Set down without change every line from the line that contains "Buttons invite hands-on" through the end of the listing, and only those lines. No pictures.

--- --- ---

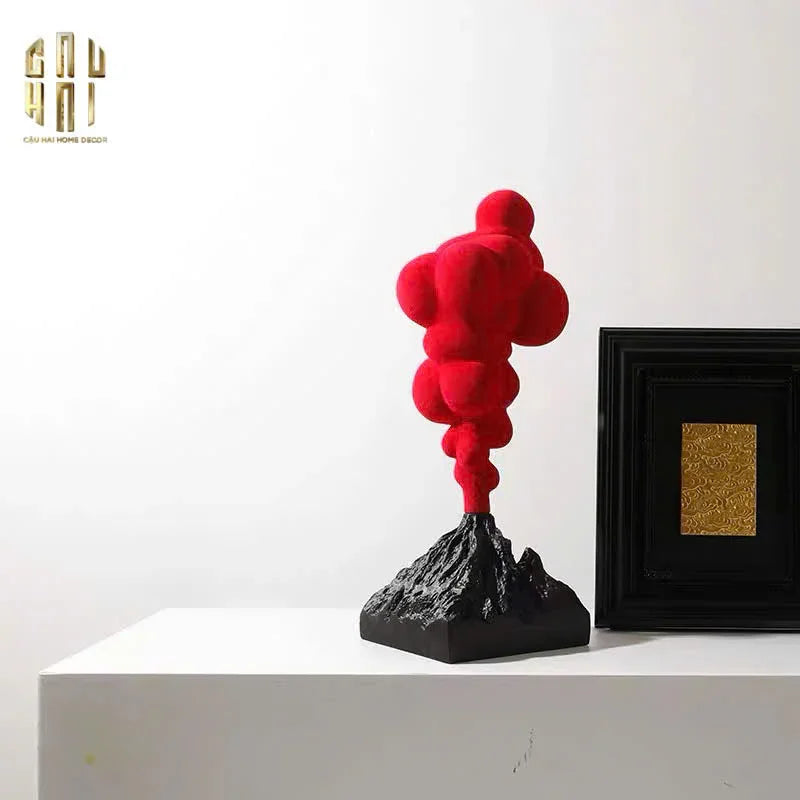 Tượng Nhung Đỏ Red Velvet Volcano Fw25 H36-CẬU HAI HOME DECOR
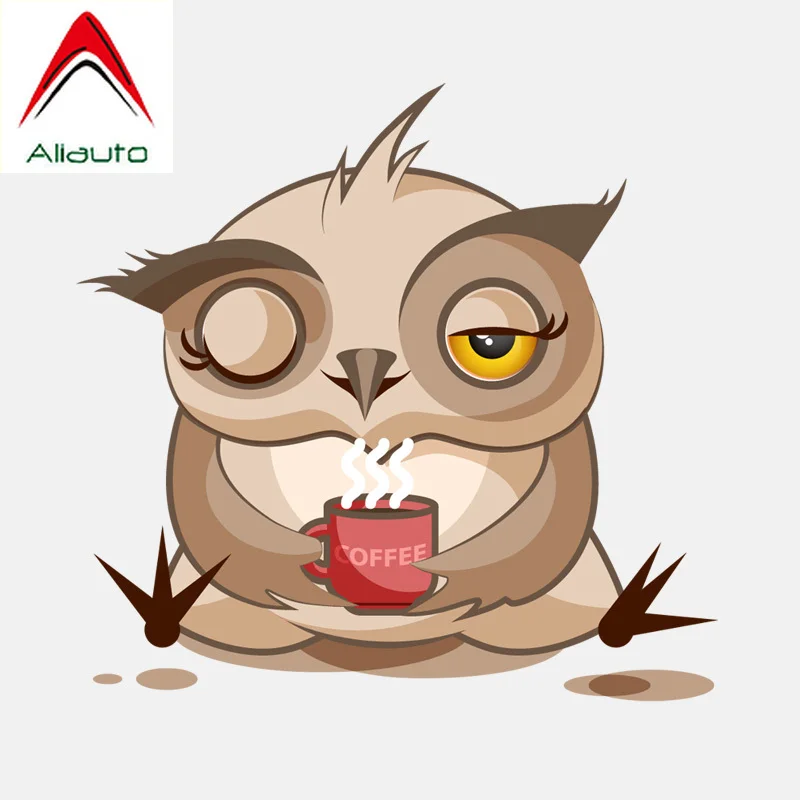 Aliauto мультяшная Автомобильная наклейка Сова наслаждаясь временем отдыха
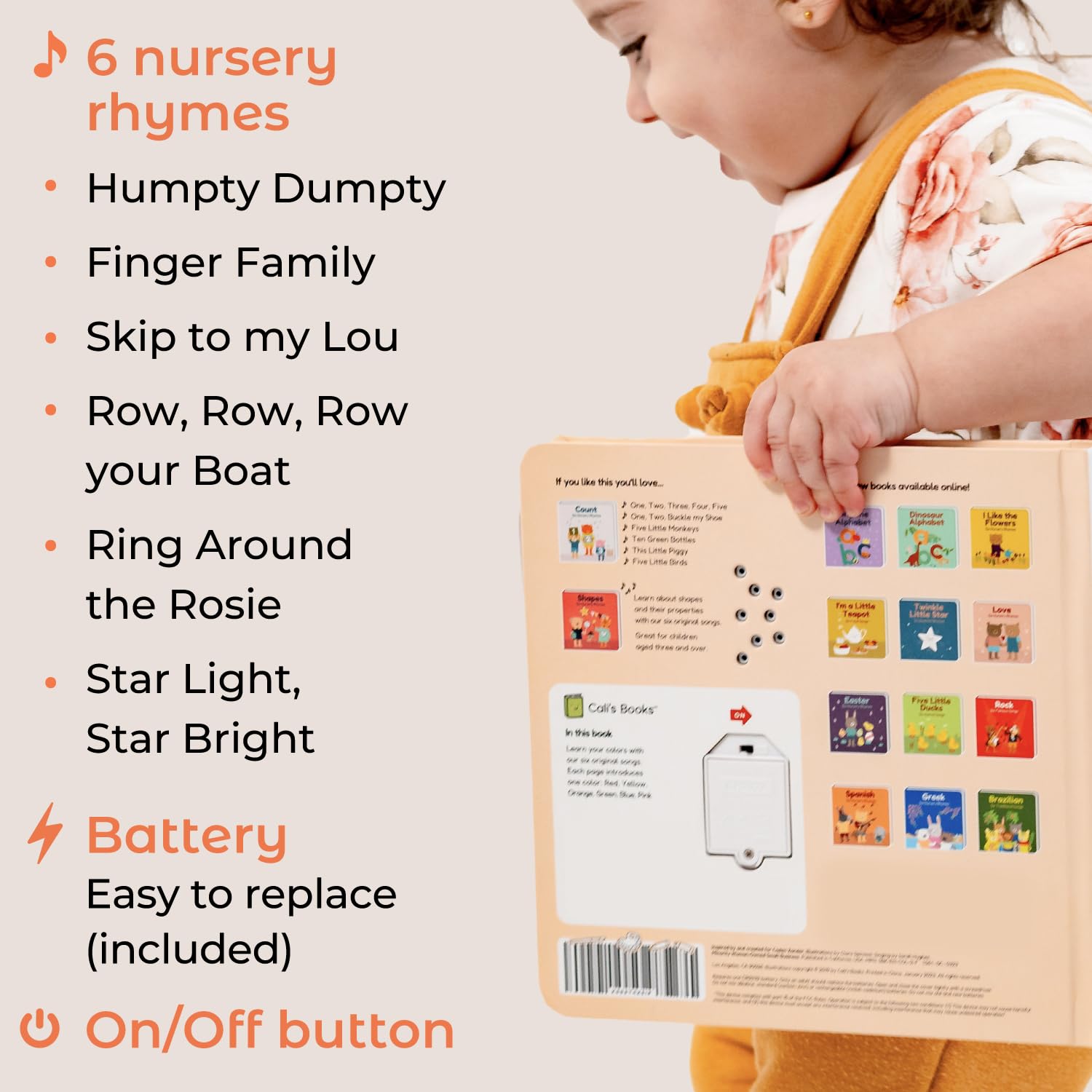 Buttons invite hands-on interaction in Cali's Books Colors Book for Toddlers.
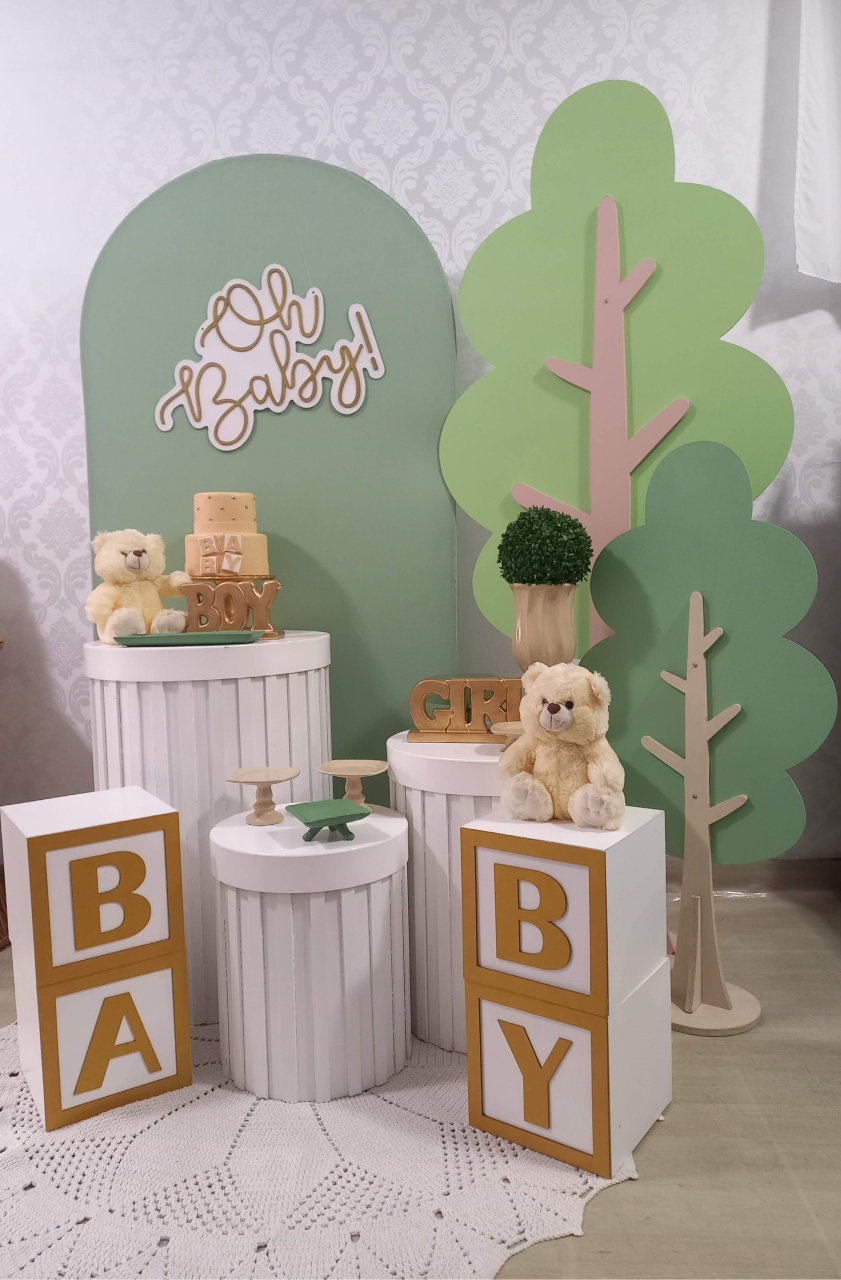 Cha Rev. Verde Com Nude Arvore  - Decorar  Festas e Locacoes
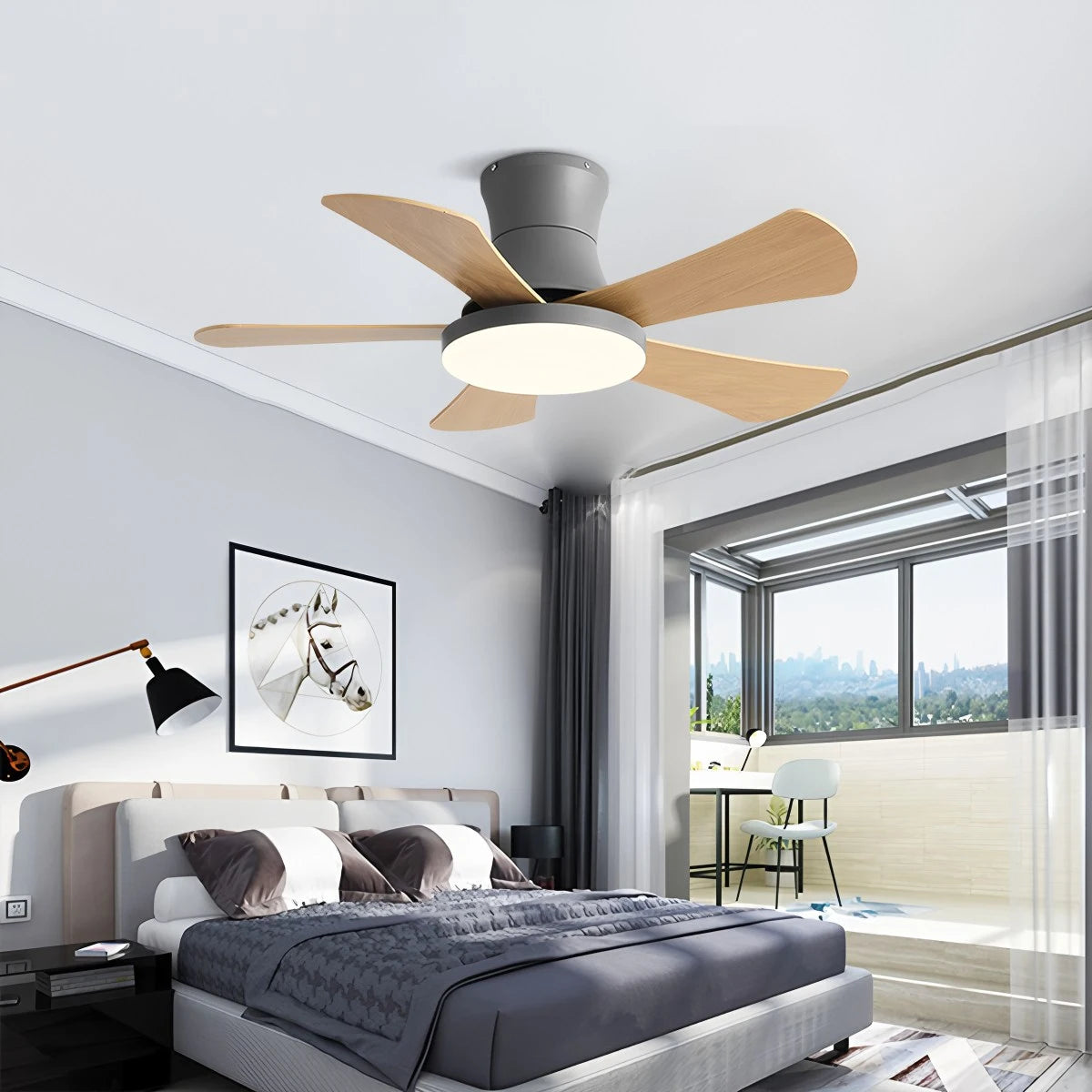 Antizer Scandi Low Profile Ceiling Fan with Light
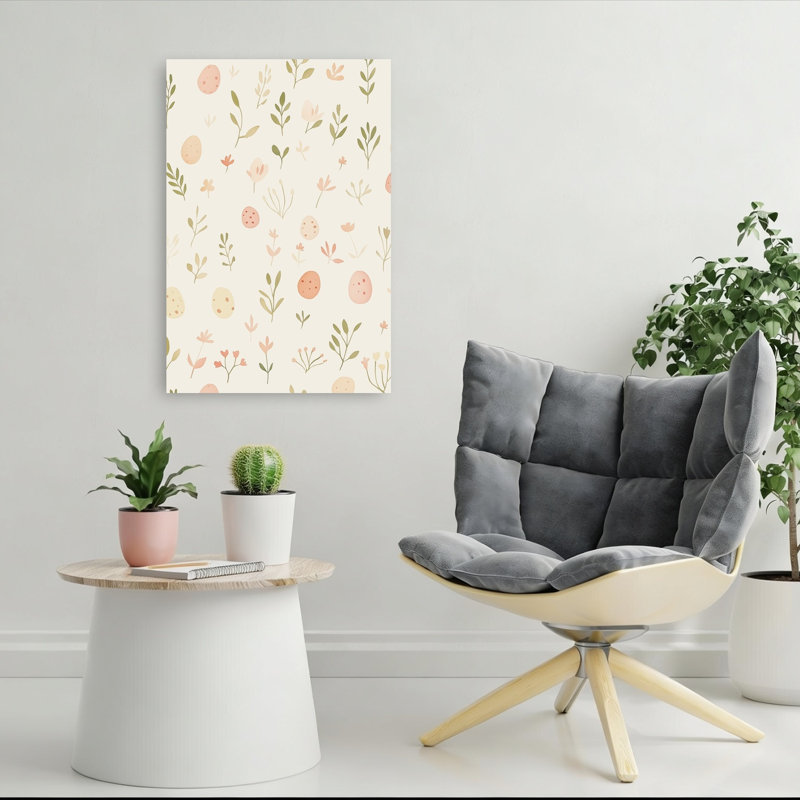 Doux botanique, œufs de Pâques délicats, reproduction abstraite de la nature, art mural, H 36 po x l 24 po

--- --- ---

_EXPECTED ANSWER:_
 Buttons invite hands-on interaction in Cali's Books Colors Book for Toddlers.
 Cha Rev. Verde Com Nude Arvore  - Decorar  Festas e Locacoes
 Antizer Scandi Low Profile Ceiling Fan with Light
 Doux botanique, œufs de Pâques délicats, reproduction abstraite de la nature, art mural, H 36 po x l 24 po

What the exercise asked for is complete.